10. The computer program product of claim 9, wherein the computer usable program code for prioritizing each of the stocking locations, comprises: computer usable program code for retrieving a part number for a part required to fulfill the order and a priority location list corresponding to the part number; and, associating a priority with each of the stocking locations from which different ones of the part are to be allocated to satisfy an order.

11. The computer program product of claim 9, wherein the computer usable program code for recursively soft allocating parts in different locations until enough parts have been soft allocated to satisfy the required allocation of parts necessary to build the order, comprises: computer usable program code for retrieving a list of stocking locations for the parts; computer usable program code for prioritizing each of the stocking locations; computer usable program code for locating a highest priority one of the stocking locations having allocable ones of the parts and soft allocating the allocable parts; computer usable program code for removing the highest priority one of the stocking locations from the list and reducing the required allocation of parts by a number of soft allocated allocable parts in the highest priority one of the stocking locations; and, computer usable program code for repeating each of the retrieving, prioritizing, locating, removing and reducing for the list and required allocations of parts until the required allocation of parts is satisfied by the number of soft allocated allocable parts.

12. The computer program product of claim 9, further comprising: computer usable program code for determining that not enough parts remain amongst the different locations to satisfy the required allocation of parts necessary to build the order; and, computer usable program code for clearing the soft allocated parts for allocation by a different order.

13. The computer program product of claim 9, further comprising: computer usable program code for determining that not enough parts remain amongst the different locations to satisfy the required allocation of parts necessary to build the order; and, computer usable program code for building short the order by hard allocating the soft allocated parts even though not enough parts are soft allocated to satisfy the required allocation of parts.

14. The computer program product of claim 9, further comprising computer usable program code for kitting the parts when found in multiple stocking locations

15. The computer program product of claim 14, wherein the computer usable program code for kitting the parts when found in multiple stocking locations, comprises: computer usable program code for creating a new kitting child unit of work tied to a parent unit; and, computer usable program code for consolidating the child unit of work with the parent upon arrival of the child unit of work.

Description:

BACKGROUND OF THE INVENTION

1. Field of the Invention

The present invention relates to supply chain management and more particularly to an inventory management system utilizing clear to build inventory analysis.

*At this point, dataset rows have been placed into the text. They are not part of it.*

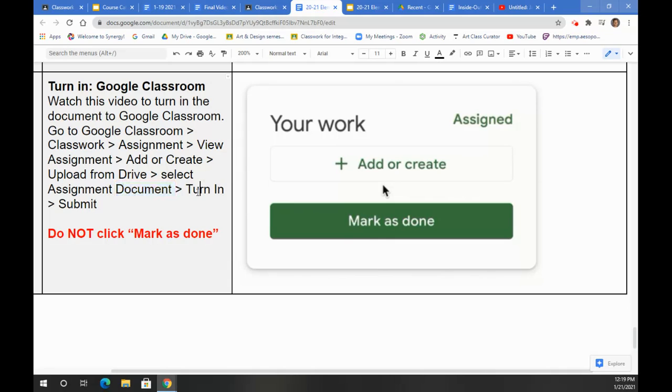Then click Turn In, and don't forget to hit Submit. That's going to make sure that your document gets attached and turned in.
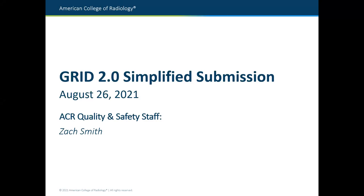Hi, everybody. Thanks for joining us today. This webinar is going to mostly cover the GRID 2.0 simplified submission process, but we're also going to cover some basic QCDR stuff as well. So let's get started. My name is Zach Smith. I'm with the Quality Programs here at ACR. You probably know me already if you've been on any of our past webinars.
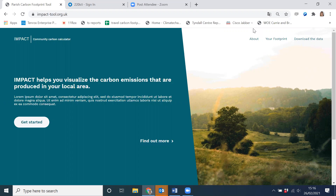Welcome to IMPACT, the carbon footprinting tool for communities, which has been developed by the Centre for Sustainable Energy in partnership with the University of Exeter. We've designed the tool to help communities in England to understand their carbon footprint at the small geography area, identify the areas that they have most control over, and help them take action in ways that will have the most impact.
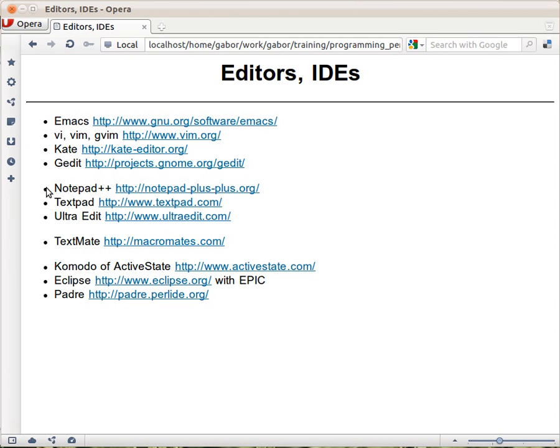On Macintosh as far as I can tell TextMate is the favorite editor. Now these are all editors, plain editors, text editors.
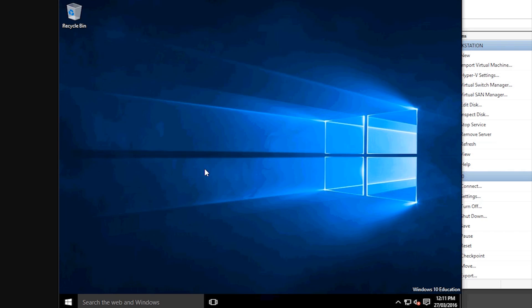G'day guys, today I'm going to be showing you how to adjust your screen resolution in Windows 10.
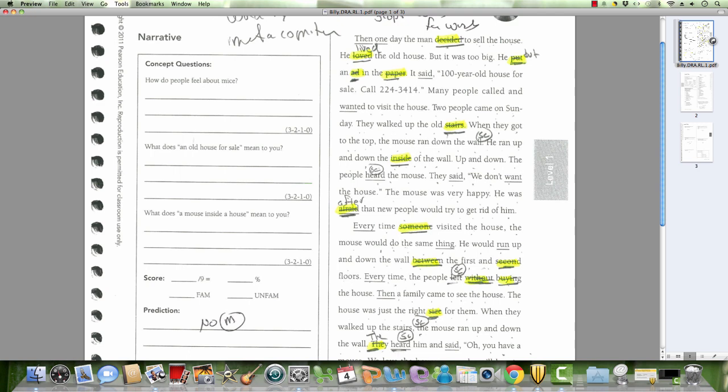Inside. Inside of the wall, up and down. The people heard the mouse. They said, we don't want the house. The mouse was very happy. He was, after that, new people would try to get rid of him.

2. Description of the Related Art

As the global economy provides a proliferation of options for businesses to expand into emerging markets, manufacturing success is increasingly defined by how fast you act and how well you react to supply chain volatility. Modern production facilities are increasingly becoming more complex as customers expect manufacturers to keep prices low while readily accommodating last-minute changes in quantity, product configuration or delivery date.

Effectively managing the timing, order policy, and supply and inventory considerations involved in new product introductions or upgrades, greatly impact cycle times, potential business opportunities, and most importantly sales and profits. Typical operations manufacture multiple products in numerous discrete areas called stocking locations within a single facility. Moreover, the parts needed to manufacture a specific product may be utilized and stocked in multiple discrete areas throughout a facility due to their common usage across various sub-assemblies and end products. Component parts may be stocked in warehouses, at sub-assembly lines, in multiple final build lines or in any number of other internal plant locations.

One problem that arises in such complex facilities is whether all the components necessary to build a specific product are available to support the build. After part coverage is determined, a secondary obstacle is determining what stock, from which inventory stocking areas needs to be utilized to complete the build in question. A common method in the art by which inventory is analyzed to determine whether an order can be built is often called “Clear to Build inventory analysis” (CTB).

Essentially, CTB is a process by which the component Bill of Material (BOM) needed to manufacture the product in question is compared against available inventory stocked in a facility. Although, the parts necessary to build a product can be stocked in multiple stocking locations, conventional CTB analysis can only operate upon one discrete inventory stocking location at a time. A discrete inventory stocking location can either be defined globally or locally.

When global CTB is performed an operation can quickly ascertain if it possesses the total number of parts necessary to support an order in a whole facility. However, performing global CTB does not efficiently allow determining which parts from which stocking location need to be aggregated to support the build in question. For instance, if Order X needed 2 quantities of Part A and 1 quantity of Part B, global CTB would be able to determine that there is an aggregate total of 17 Part A and 8 Part B in the whole facility without taking into account stocking locations. Thus, performing global CTB does not efficiently allow determination of which parts from which area need to be aggregated to support Order X in question. Moreover, as manual actions are taken to decide which parts from the various stocking locations need to be moved and allocated to a specific build, subsequent CTB analysis may be driving other manual activities that will be competing for the same parts.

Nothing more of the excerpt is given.